▶ Aim of the task: Print, exactly and with no pictures, the line containing "Gallery image thumbnail" and each line after it to the end of the entries below.
··· Material supplied ···
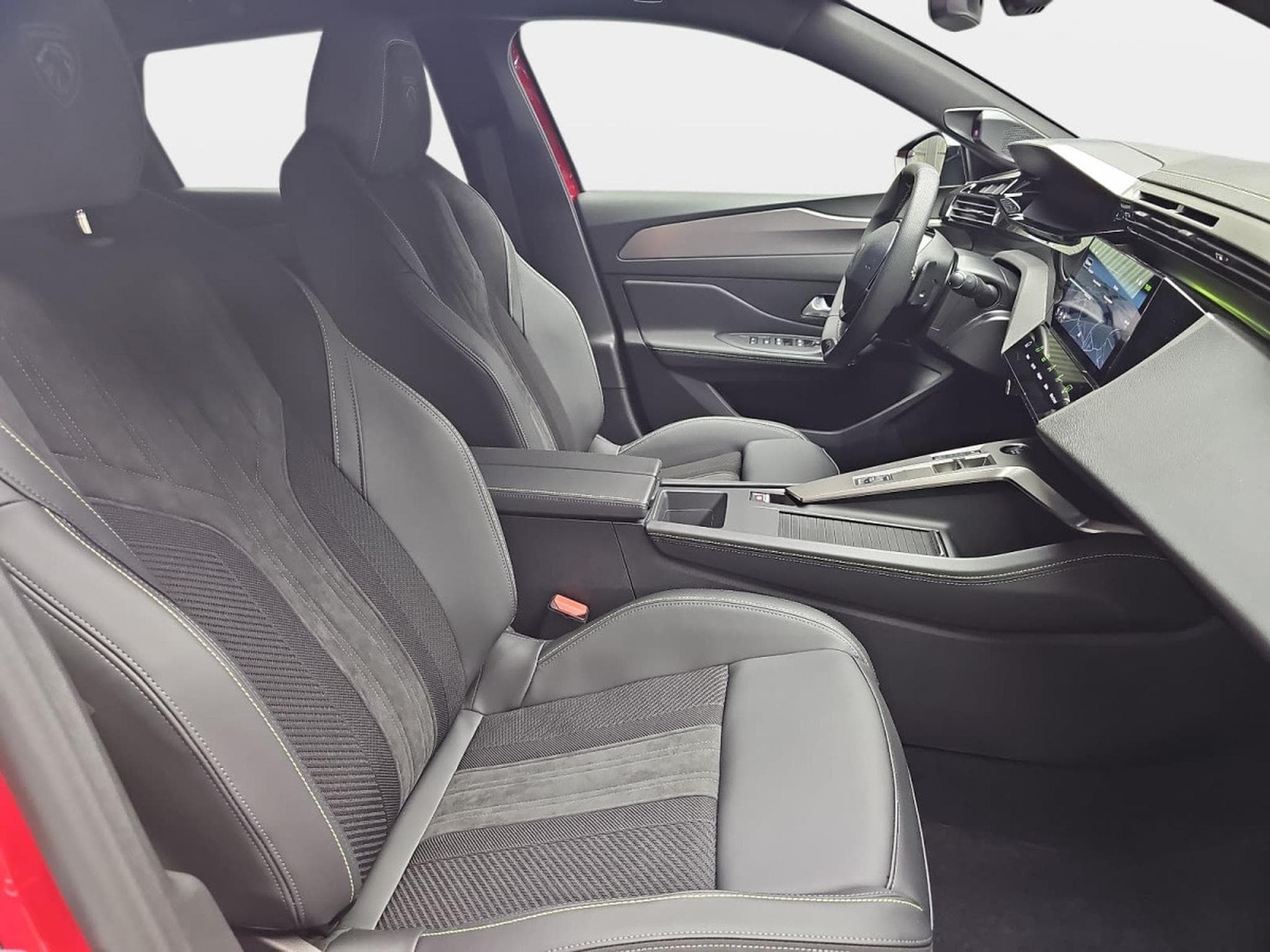 Peugeot 308 1.2 Hybrid e-DSC6 145 GT (2026) - Photo 15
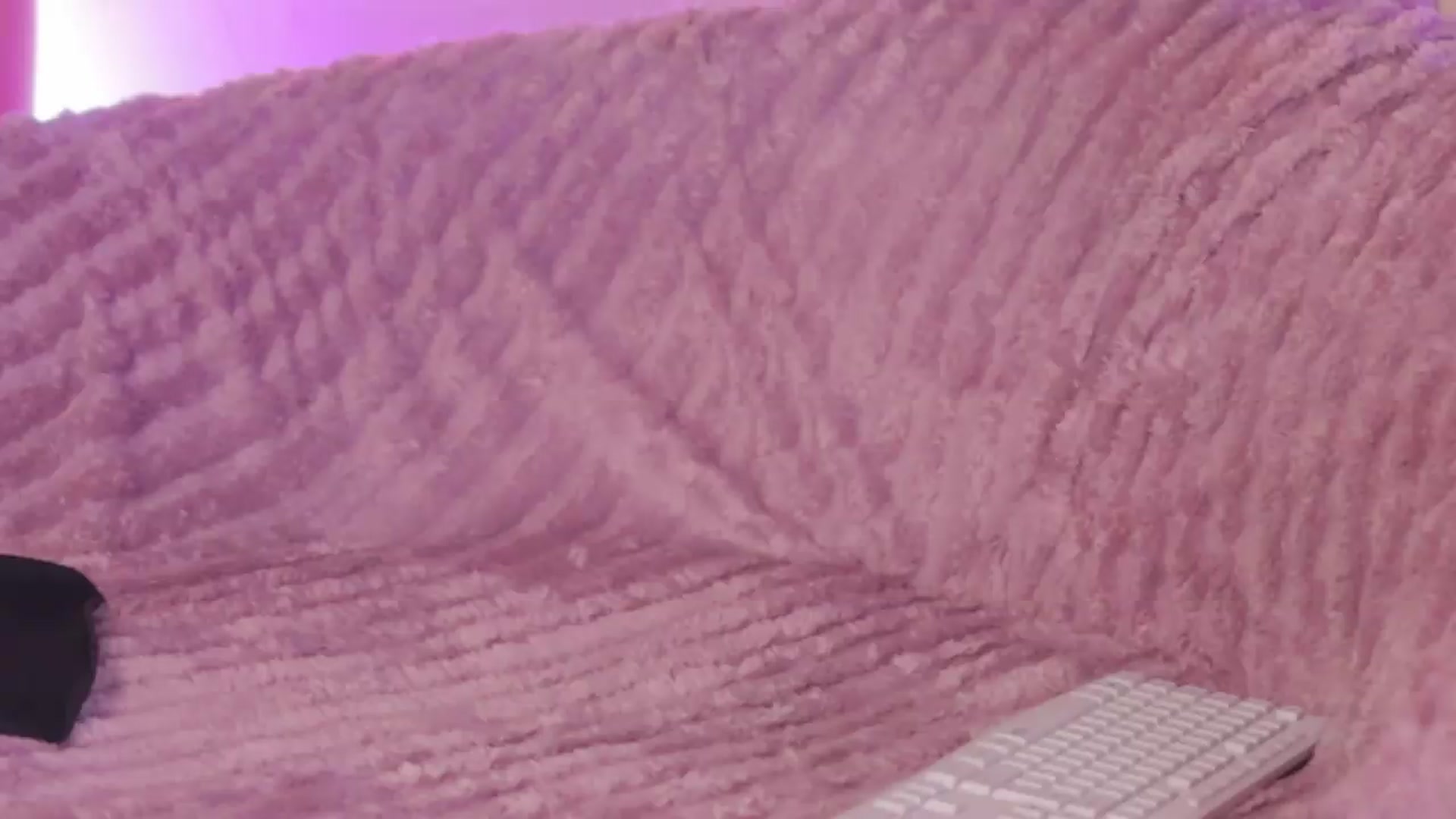 Gallery image thumbnail from AnaisBloom's myfreecams stream on, 07/11/2026, 20:21 image 11 of 20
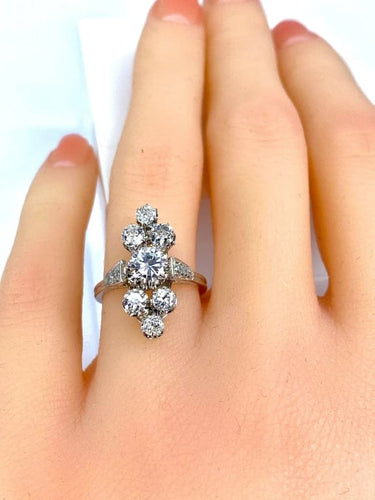 Bague 49 Bague marquise en or blanc 18 carats et diamants 58 Facettes AB261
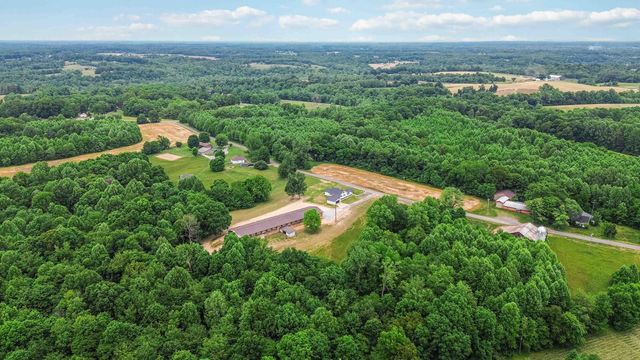 2913 Gentry Mill Road, Russell Springs, KY 42642
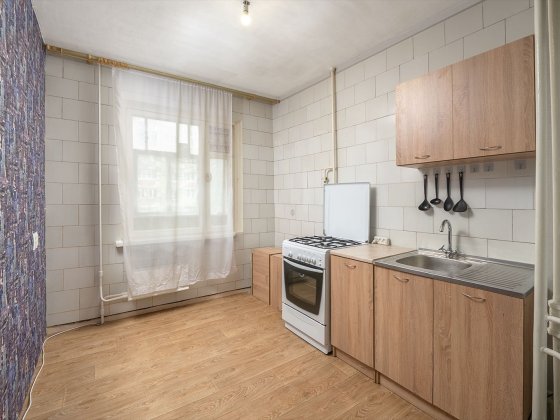 3 кімнатна 64.8 кв.м, з косметичним ремонтом Самоквасова, Текстильників, Шерстянка, 3 поверх, Парк,  Чернигов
···
▶ Output of the task:
 Gallery image thumbnail from AnaisBloom's myfreecams stream on, 07/11/2026, 20:21 image 11 of 20
 Bague 49 Bague marquise en or blanc 18 carats et diamants 58 Facettes AB261
 2913 Gentry Mill Road, Russell Springs, KY 42642
 3 кімнатна 64.8 кв.м, з косметичним ремонтом Самоквасова, Текстильників, Шерстянка, 3 поверх, Парк,  Чернигов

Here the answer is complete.